__ASSIGNMENT__.
Would you give the listing again exactly, without its images?

__DATASET EXCERPT__.
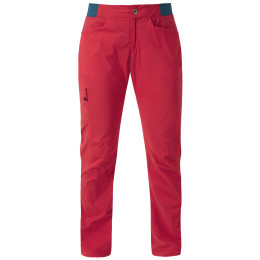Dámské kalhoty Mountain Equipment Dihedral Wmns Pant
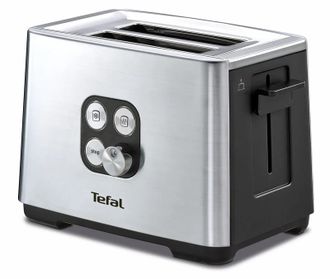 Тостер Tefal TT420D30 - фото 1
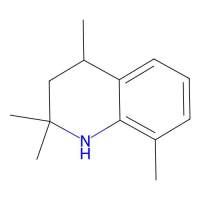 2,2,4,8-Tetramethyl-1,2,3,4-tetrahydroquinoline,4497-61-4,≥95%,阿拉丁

__RESULT BELOW__.
Dámské kalhoty Mountain Equipment Dihedral Wmns Pant
 Тостер Tefal TT420D30 - фото 1
 2,2,4,8-Tetramethyl-1,2,3,4-tetrahydroquinoline,4497-61-4,≥95%,阿拉丁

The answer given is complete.